- [PROBLEM DESCRIPTION] An exact transcription of every record is needed.

[Short text fragments from websites]
━━━━━━

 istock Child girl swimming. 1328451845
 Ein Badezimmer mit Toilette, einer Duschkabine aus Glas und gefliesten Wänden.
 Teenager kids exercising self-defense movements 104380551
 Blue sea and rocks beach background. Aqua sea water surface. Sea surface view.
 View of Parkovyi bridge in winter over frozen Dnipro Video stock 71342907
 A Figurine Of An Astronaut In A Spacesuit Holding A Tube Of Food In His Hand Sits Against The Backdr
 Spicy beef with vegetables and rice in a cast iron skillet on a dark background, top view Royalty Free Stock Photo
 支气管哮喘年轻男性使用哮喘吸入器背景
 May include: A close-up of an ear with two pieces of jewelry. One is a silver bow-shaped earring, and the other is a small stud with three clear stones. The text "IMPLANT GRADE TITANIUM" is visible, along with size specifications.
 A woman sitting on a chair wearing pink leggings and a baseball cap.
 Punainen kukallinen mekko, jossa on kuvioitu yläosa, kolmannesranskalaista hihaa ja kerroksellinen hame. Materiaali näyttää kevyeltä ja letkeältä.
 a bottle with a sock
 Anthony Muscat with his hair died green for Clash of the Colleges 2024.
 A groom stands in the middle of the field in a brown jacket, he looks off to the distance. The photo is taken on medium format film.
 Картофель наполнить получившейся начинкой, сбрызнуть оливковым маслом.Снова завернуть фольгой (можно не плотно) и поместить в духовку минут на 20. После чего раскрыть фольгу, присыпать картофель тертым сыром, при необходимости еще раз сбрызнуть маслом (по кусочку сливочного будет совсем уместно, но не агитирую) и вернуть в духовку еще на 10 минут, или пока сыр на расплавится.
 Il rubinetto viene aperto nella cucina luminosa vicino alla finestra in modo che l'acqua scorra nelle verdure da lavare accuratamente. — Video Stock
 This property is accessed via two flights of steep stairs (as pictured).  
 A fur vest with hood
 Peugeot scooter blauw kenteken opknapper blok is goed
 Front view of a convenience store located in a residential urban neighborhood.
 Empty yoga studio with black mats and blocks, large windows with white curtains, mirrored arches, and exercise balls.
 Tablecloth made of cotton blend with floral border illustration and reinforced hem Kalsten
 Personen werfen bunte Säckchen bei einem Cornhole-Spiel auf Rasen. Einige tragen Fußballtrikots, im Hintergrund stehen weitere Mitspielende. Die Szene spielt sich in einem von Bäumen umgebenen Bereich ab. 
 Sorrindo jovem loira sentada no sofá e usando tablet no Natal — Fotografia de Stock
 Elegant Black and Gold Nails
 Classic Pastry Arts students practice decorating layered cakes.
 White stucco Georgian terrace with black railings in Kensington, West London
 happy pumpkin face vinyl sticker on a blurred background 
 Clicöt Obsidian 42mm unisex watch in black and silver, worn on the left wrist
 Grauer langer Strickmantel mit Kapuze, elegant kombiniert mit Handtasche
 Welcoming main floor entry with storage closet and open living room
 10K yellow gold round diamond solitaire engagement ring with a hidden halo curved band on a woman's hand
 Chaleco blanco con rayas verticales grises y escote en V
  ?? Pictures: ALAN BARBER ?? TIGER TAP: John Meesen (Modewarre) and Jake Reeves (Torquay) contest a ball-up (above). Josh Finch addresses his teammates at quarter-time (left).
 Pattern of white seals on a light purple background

━━━━━━

- [REPLY]
 istock Child girl swimming. 1328451845
 Ein Badezimmer mit Toilette, einer Duschkabine aus Glas und gefliesten Wänden.
 Teenager kids exercising self-defense movements 104380551
 Blue sea and rocks beach background. Aqua sea water surface. Sea surface view.
 View of Parkovyi bridge in winter over frozen Dnipro Video stock 71342907
 A Figurine Of An Astronaut In A Spacesuit Holding A Tube Of Food In His Hand Sits Against The Backdr
 Spicy beef with vegetables and rice in a cast iron skillet on a dark background, top view Royalty Free Stock Photo
 支气管哮喘年轻男性使用哮喘吸入器背景
 May include: A close-up of an ear with two pieces of jewelry. One is a silver bow-shaped earring, and the other is a small stud with three clear stones. The text "IMPLANT GRADE TITANIUM" is visible, along with size specifications.
 A woman sitting on a chair wearing pink leggings and a baseball cap.
 Punainen kukallinen mekko, jossa on kuvioitu yläosa, kolmannesranskalaista hihaa ja kerroksellinen hame. Materiaali näyttää kevyeltä ja letkeältä.
 a bottle with a sock
 Anthony Muscat with his hair died green for Clash of the Colleges 2024.
 A groom stands in the middle of the field in a brown jacket, he looks off to the distance. The photo is taken on medium format film.
 Картофель наполнить получившейся начинкой, сбрызнуть оливковым маслом.Снова завернуть фольгой (можно не плотно) и поместить в духовку минут на 20. После чего раскрыть фольгу, присыпать картофель тертым сыром, при необходимости еще раз сбрызнуть маслом (по кусочку сливочного будет совсем уместно, но не агитирую) и вернуть в духовку еще на 10 минут, или пока сыр на расплавится.
 Il rubinetto viene aperto nella cucina luminosa vicino alla finestra in modo che l'acqua scorra nelle verdure da lavare accuratamente. — Video Stock
 This property is accessed via two flights of steep stairs (as pictured).  
 A fur vest with hood
 Peugeot scooter blauw kenteken opknapper blok is goed
 Front view of a convenience store located in a residential urban neighborhood.
 Empty yoga studio with black mats and blocks, large windows with white curtains, mirrored arches, and exercise balls.
 Tablecloth made of cotton blend with floral border illustration and reinforced hem Kalsten
 Personen werfen bunte Säckchen bei einem Cornhole-Spiel auf Rasen. Einige tragen Fußballtrikots, im Hintergrund stehen weitere Mitspielende. Die Szene spielt sich in einem von Bäumen umgebenen Bereich ab. 
 Sorrindo jovem loira sentada no sofá e usando tablet no Natal — Fotografia de Stock
 Elegant Black and Gold Nails
 Classic Pastry Arts students practice decorating layered cakes.
 White stucco Georgian terrace with black railings in Kensington, West London
 happy pumpkin face vinyl sticker on a blurred background 
 Clicöt Obsidian 42mm unisex watch in black and silver, worn on the left wrist
 Grauer langer Strickmantel mit Kapuze, elegant kombiniert mit Handtasche
 Welcoming main floor entry with storage closet and open living room
 10K yellow gold round diamond solitaire engagement ring with a hidden halo curved band on a woman's hand
 Chaleco blanco con rayas verticales grises y escote en V
  ?? Pictures: ALAN BARBER ?? TIGER TAP: John Meesen (Modewarre) and Jake Reeves (Torquay) contest a ball-up (above). Josh Finch addresses his teammates at quarter-time (left).
 Pattern of white seals on a light purple background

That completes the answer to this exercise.